00:24:01.520 When these APIs send responses, we can provide an appropriate cache-control directive. This can establish longer TTLs to balance freshness with load management. You can associate cache keys with API responses for efficient invalidation.

00:24:38.960 In Rails, for instance, you can set cache keys based on table identifiers and perform purges on updates to keep content fresh.

00:25:13.480 Using tools like the 'CF-Cache-Tag' meta tag allows for tagging and cleaning up cached content, but care must be taken to ensure this doesn’t make responses uncacheable.

00:25:42.239 Another strategy involves handling cached responses when cookies are present. By suppressing cookie headers during caching lookups, you can cache responses without user-specific data while still restoring cookies to responses as needed.

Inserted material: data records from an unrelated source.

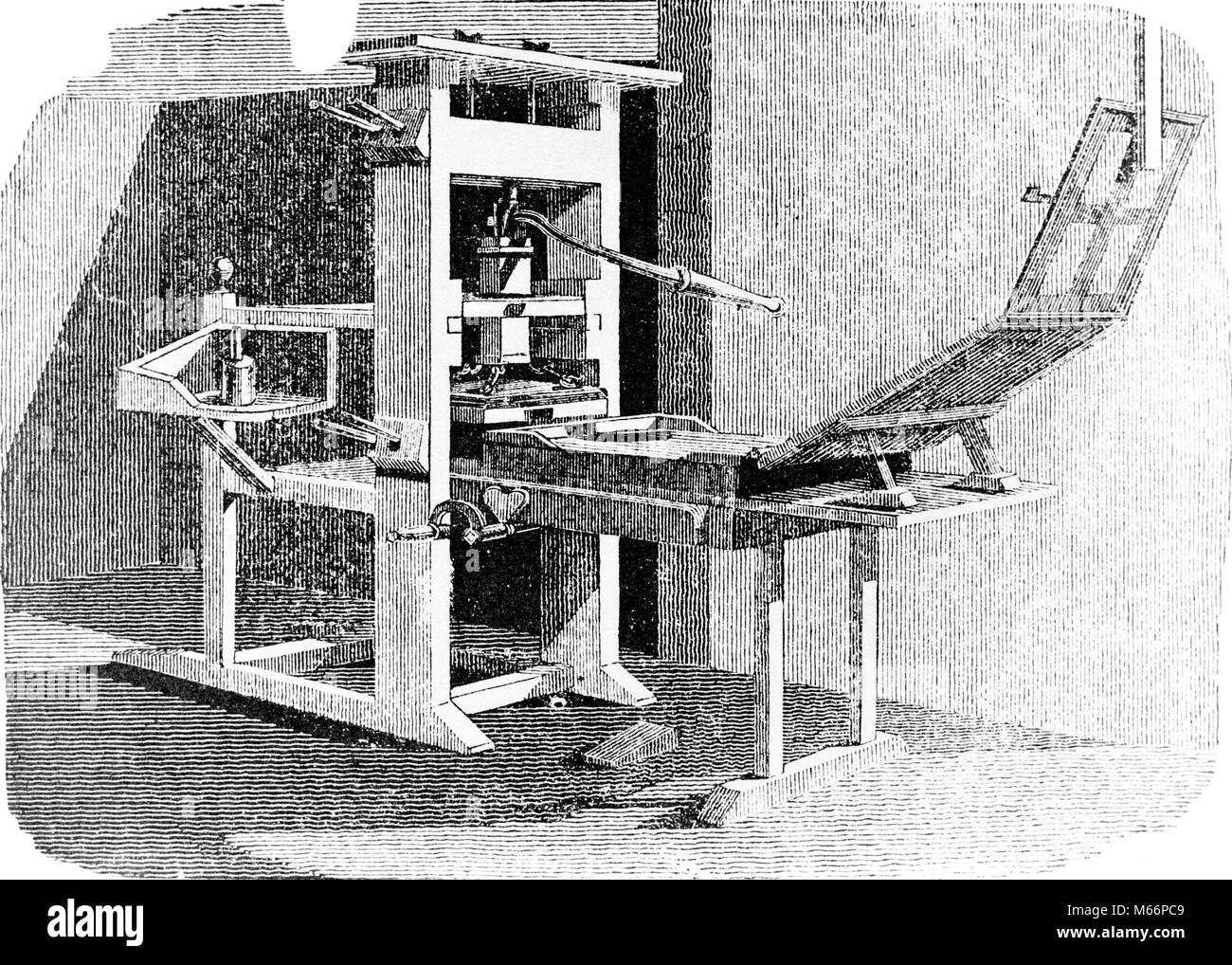 1800s DRAWING OF FLAT BED PRINTING PRESS - q73088 CPC001 HARS OLD FASHIONED Stock Photo
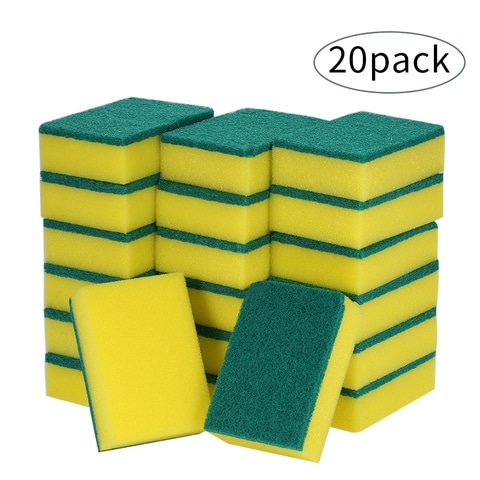 Generic-20pcs Multi-purpose Double-faced Sponge Scouring Pads Dish Washing Scrub Sponge Stains Removing Cleaning Scrubber Brush for Kitchen Garage Bathroom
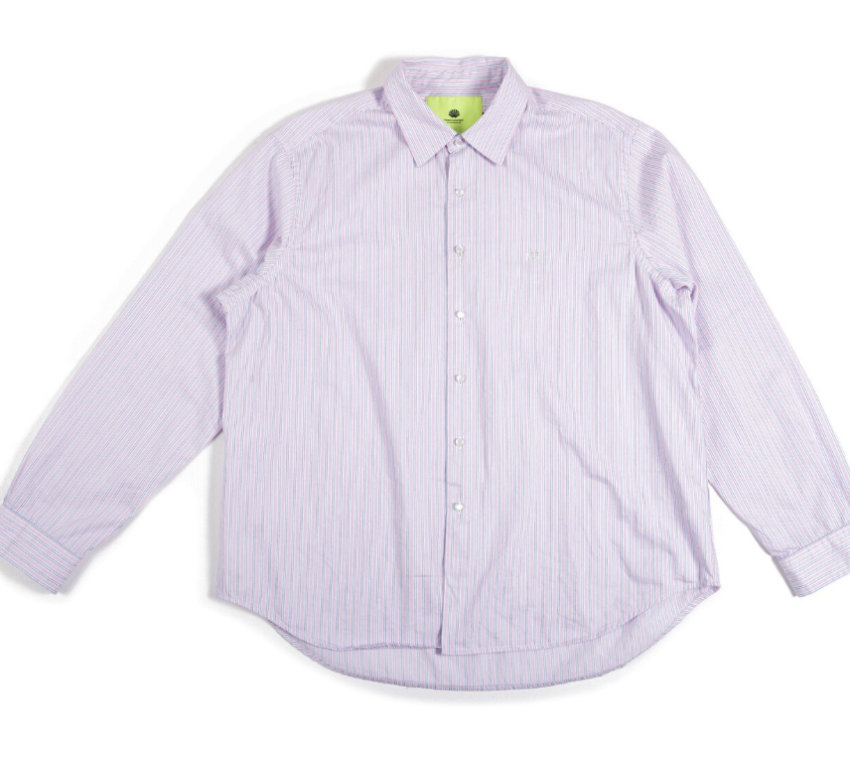 New Amsterdam Surf Association  Beach Shirt Pink Stripe Oxford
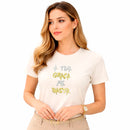 Camiseta Feminina Off White A Tua Graça Me Basta  Aplique
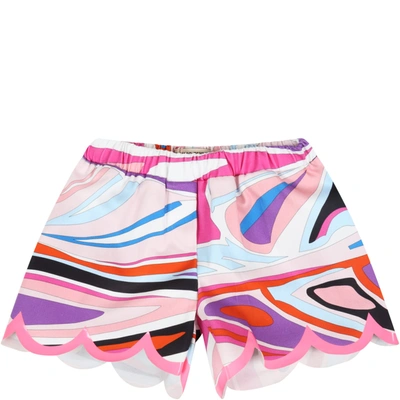 Shop Emilio Pucci Multicolor Shorts For Baby Girl With Logo In Fuchsia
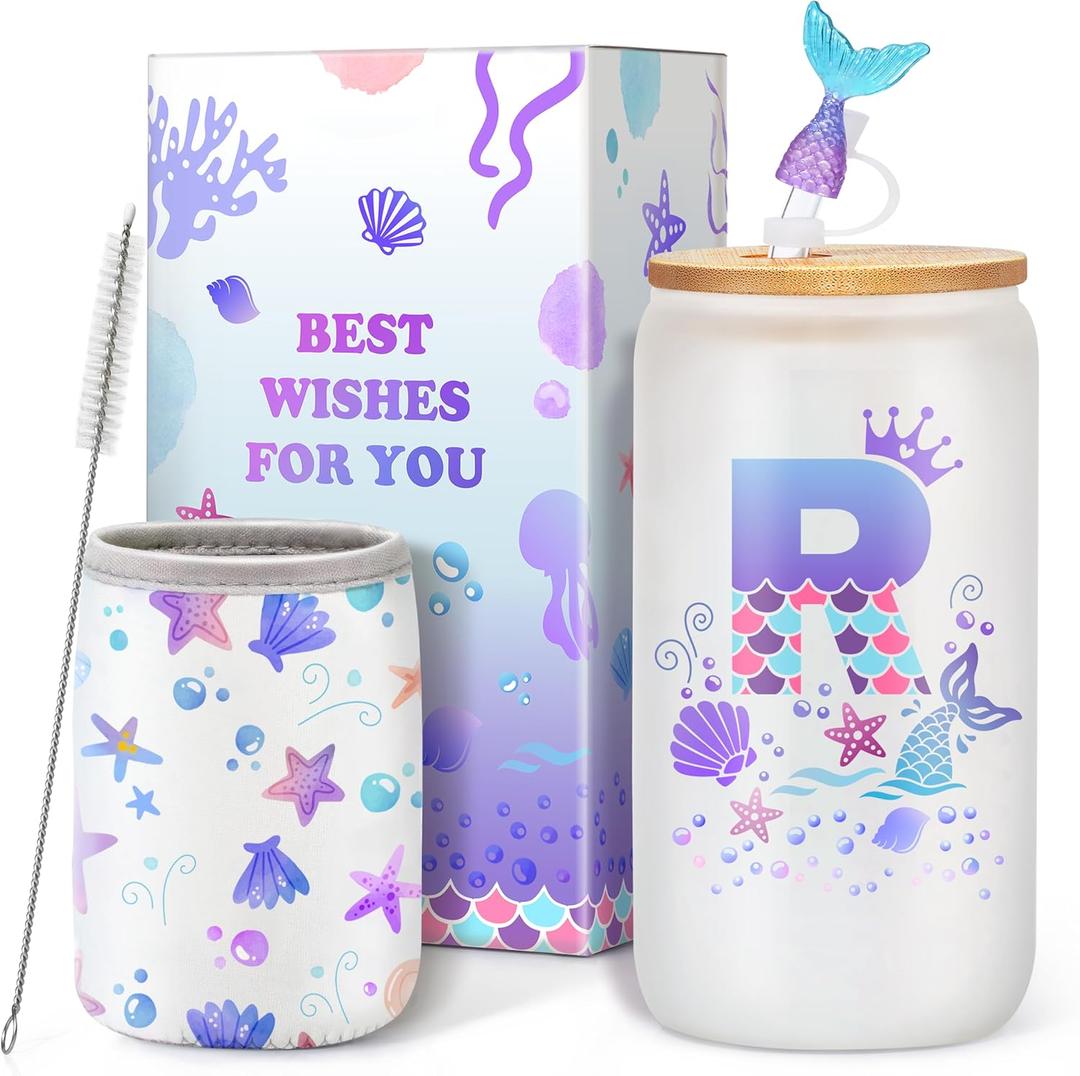 Clexela Birthday Gifts for 4 5 6 7 8 9 10 11 12 Year Old Girls Monogrammed Initial Glass Cups,16oz Glass Cups with lid and straw, Personlized Valentine Mermaid Gifts for Kids Girls Purple R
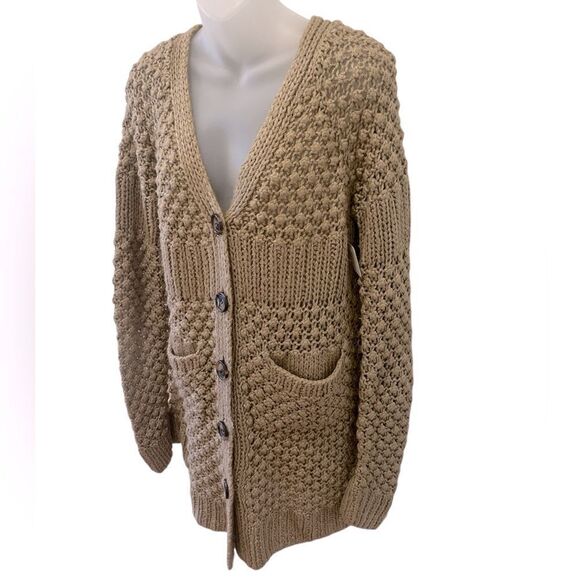 Crochet Look Sweater Cardigan Brown Beige Taupe Women’s Medium M - Picture 3 of 4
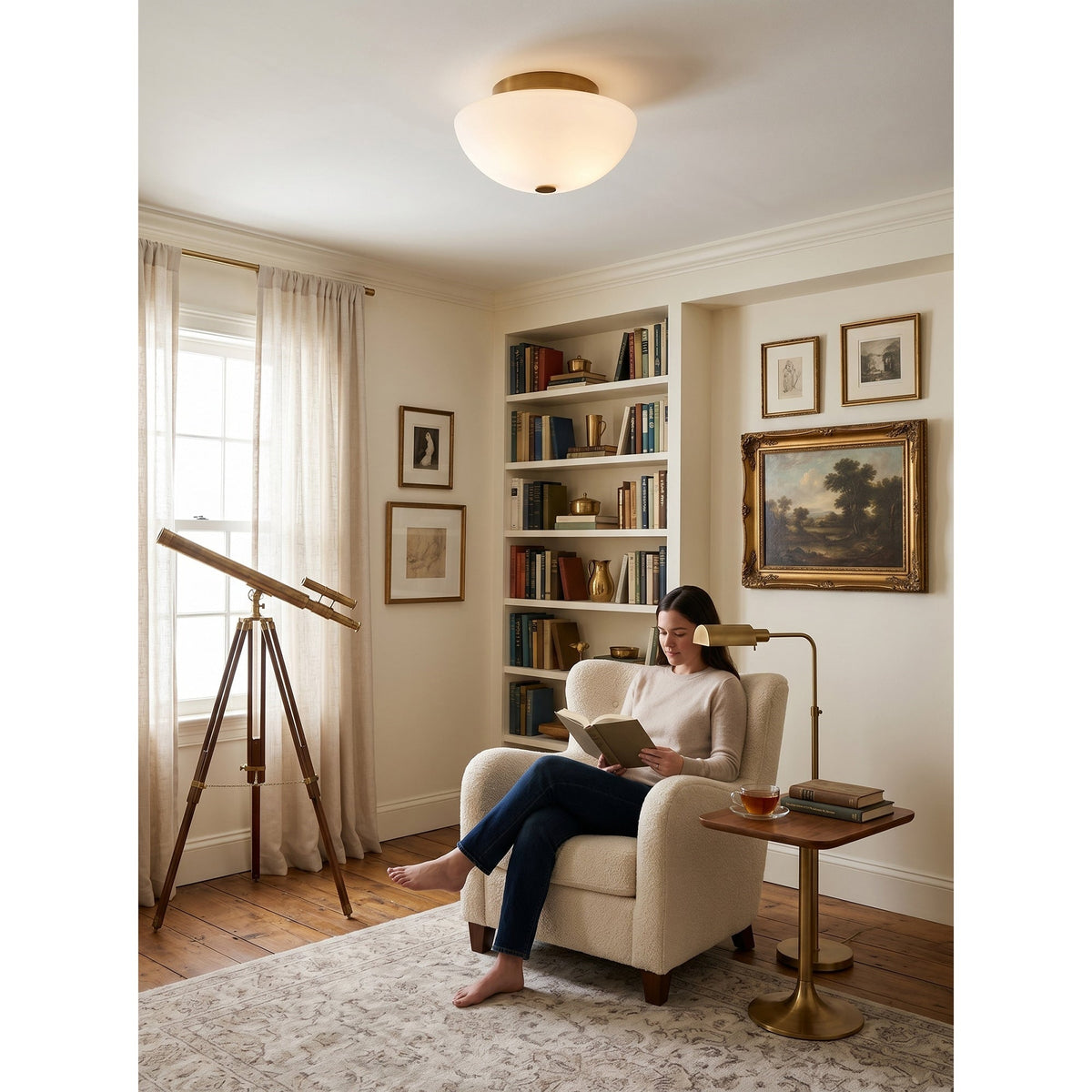 Rivirelle-kuppelformet flush-loftslampe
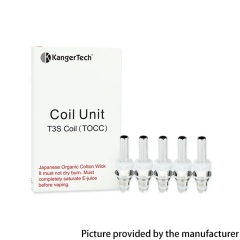 (Ships from Bonded Warehouse)Authentic Kanger New TOCC Organic Cotton Coils for T3S MT3S 5PCS - 1.8ohm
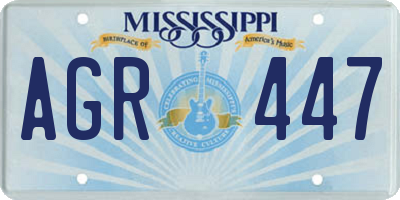 MS license plate AGR447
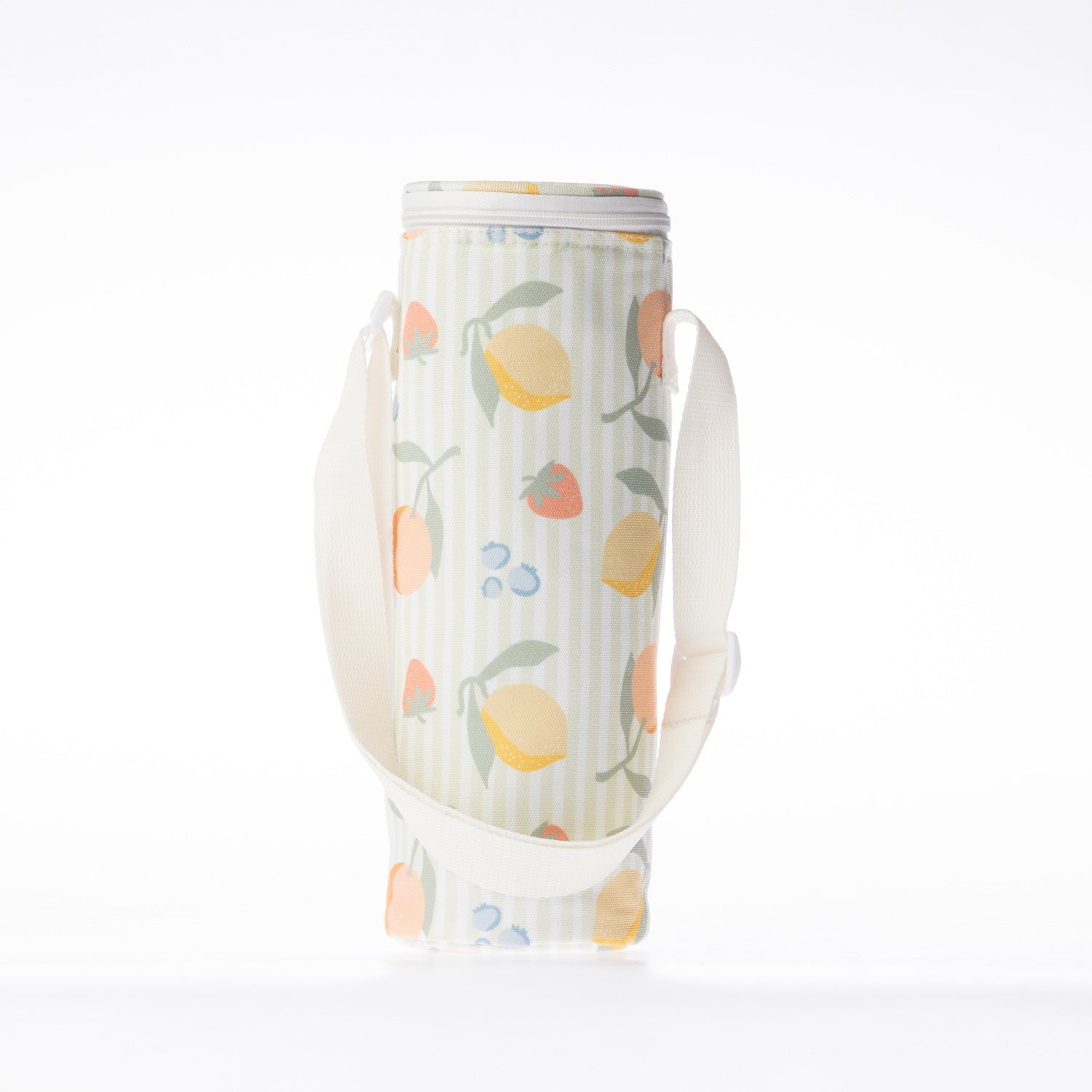 A fruit print bottle bag with a white strap stands against a white background.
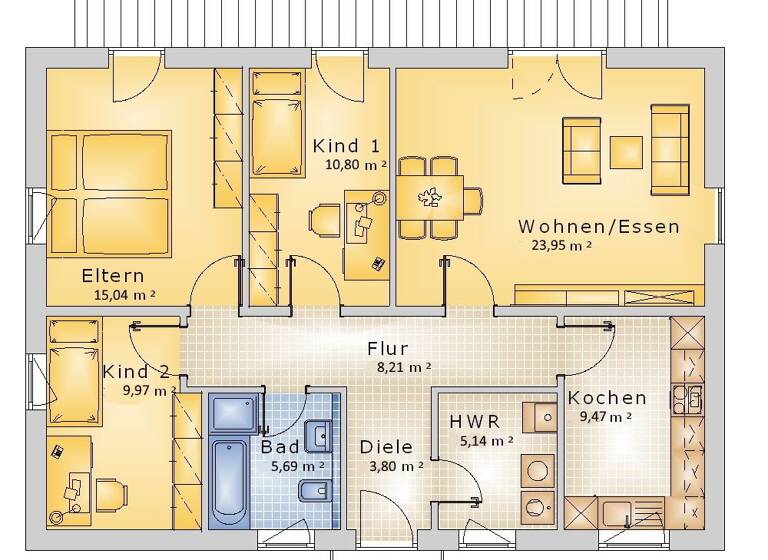 Bungalow zum Kauf - Erstbezug provisionsfrei 302.900 € 4 Zimmer 92 m² 600 m² Grundstück Wagenfeld 49419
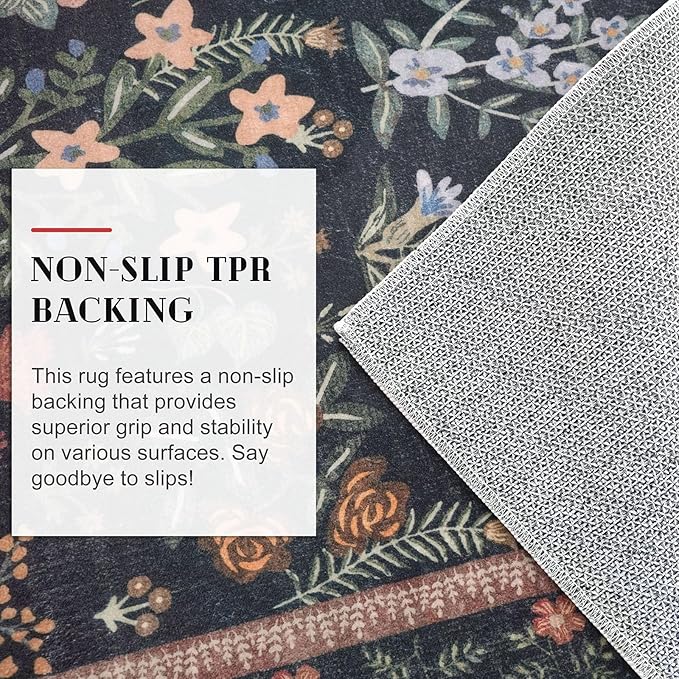 Boho Floral Machine Washable Runner Rug 2x6, Black Navy Kitchen Runner Rug Non-Slip, Super Thin Hallway Rug Runner Printed Faux Wool Soft Carpet for Entryway Bedroom Laundry Room Indoor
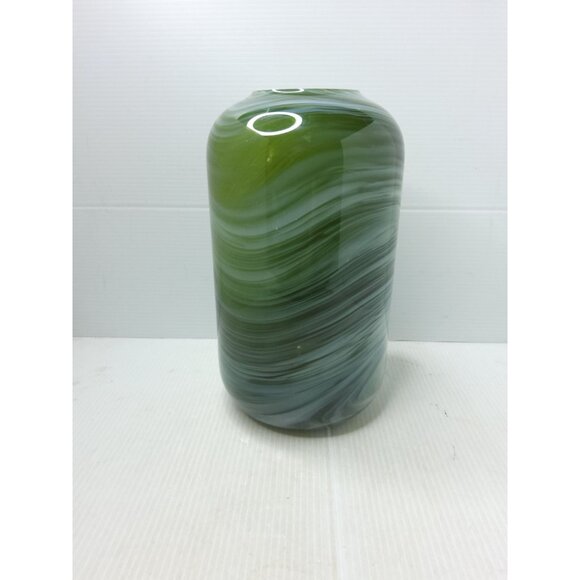 Vintage Heavy Art Glass Hand Blown Green,White,Black Swirl Pattern Vase - Picture 8 of 13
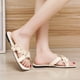 thumbnail image 1 of Sandalias de playa planas lisas decorativas con punta abierta para vacaciones informales con flores para mujer Wmkox8yii  ytu6956, 1 of 8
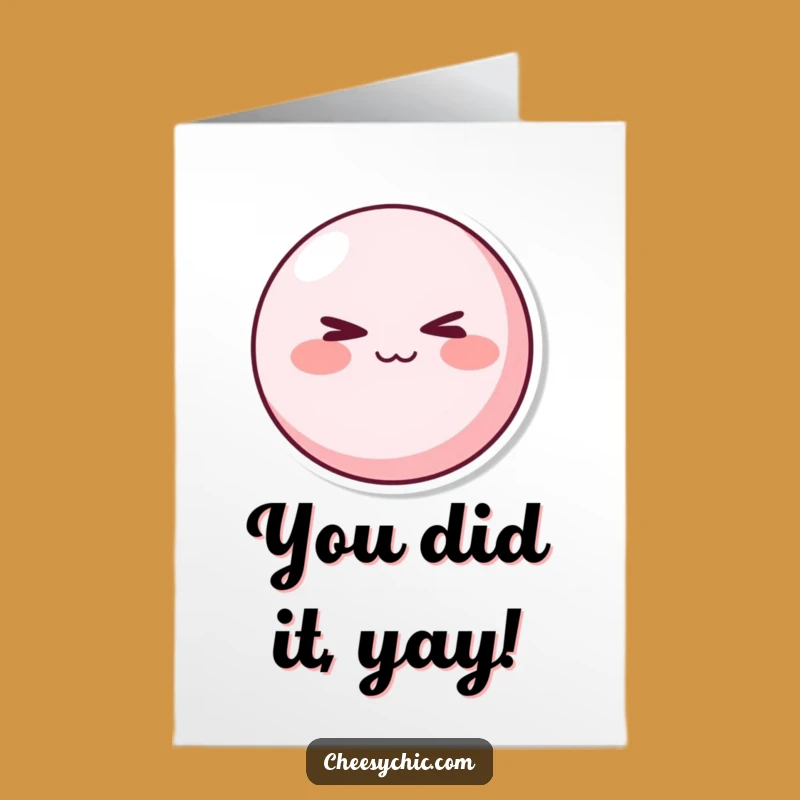 Free Printable Congrats Card: Winking Pink Character, Cheeky Success, Joyful Wishes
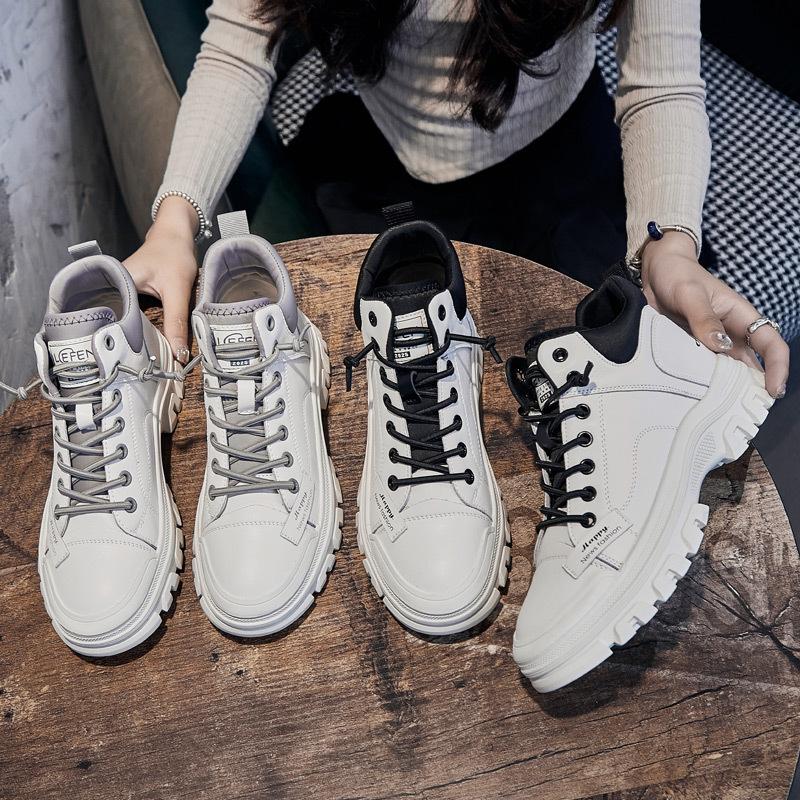 Short boots women's spring and autumn velvet Martin boots women's single boots casual sports shoes high-top little white women's shoes tide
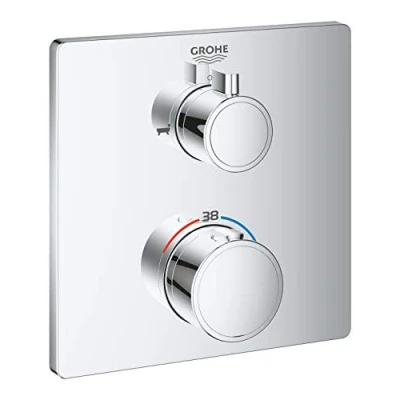 Image of GROHE Grohtherm Thermostatic Bath Mixer Trim Set to Control Shower and Filling Functions, Concealed Installation, Chrome, 24080000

00:26:11.440 In VCL, you can manage this by checking for cookies at the request stage, stripping them out, and then reinserting them after serving cached content.

00:26:43.680 If the cache misses, you can fetch from the origin while adhering to the same principles of managing cookies. Proper caching practices ensure a fine balance between performance and user experience.

00:27:09.280 In conclusion, tools like 'dig' and 'traceroute' are invaluable for debugging network issues. Adjusting cache-control headers allows for precise control over cache behavior.

00:27:39.680 As an advanced topic, consider using VCL to replace some middleware logic at the edge and examine the performance outcomes.

00:28:08.560 Throughout this talk, we've explored various caching strategies. None are wrong, but choosing the one that best fits your context is essential.

00:28:38.640 Ultimately, we've discussed stripping away elements that might otherwise be considered private or uncachable, enhancing our caching strategies.

00:29:08.000 We'll now open the floor to questions. If anyone has any queries, feel free to ask!

00:29:32.360 One participant inquired about whether varnish could replace existing reverse proxies like Nginx, to which I clarified that it can work with both, without issue. Concerns about synthetic responses handling errors were addressed, confirming that logic can indeed be defined to manage such cases.

00:30:44.200 There were also questions about caching TTLs and ISP practices. I explained that, generally, as long as your caching implementation is sound, many ISPs respect these TTLs. However, it’s crucial to note potential challenges posed by reliant caches in front of your control that may not follow your defined TTL.

00:35:09.360 That wraps up our Q&A, so thank you all for your engagement and participation!